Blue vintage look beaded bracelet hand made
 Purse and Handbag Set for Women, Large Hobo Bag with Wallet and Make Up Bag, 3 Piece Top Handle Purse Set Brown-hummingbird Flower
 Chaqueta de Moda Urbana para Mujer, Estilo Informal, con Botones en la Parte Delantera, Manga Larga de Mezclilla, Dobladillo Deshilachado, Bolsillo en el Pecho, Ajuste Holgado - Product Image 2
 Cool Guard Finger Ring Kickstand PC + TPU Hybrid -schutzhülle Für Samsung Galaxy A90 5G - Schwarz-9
--------------------------------------------------
Task to complete ::
After locating the line that contains "Purse and Handbag", output it and the remaining lines of the material above, exactly as they read.

Result ::
 Purse and Handbag Set for Women, Large Hobo Bag with Wallet and Make Up Bag, 3 Piece Top Handle Purse Set Brown-hummingbird Flower
 Chaqueta de Moda Urbana para Mujer, Estilo Informal, con Botones en la Parte Delantera, Manga Larga de Mezclilla, Dobladillo Deshilachado, Bolsillo en el Pecho, Ajuste Holgado - Product Image 2
 Cool Guard Finger Ring Kickstand PC + TPU Hybrid -schutzhülle Für Samsung Galaxy A90 5G - Schwarz-9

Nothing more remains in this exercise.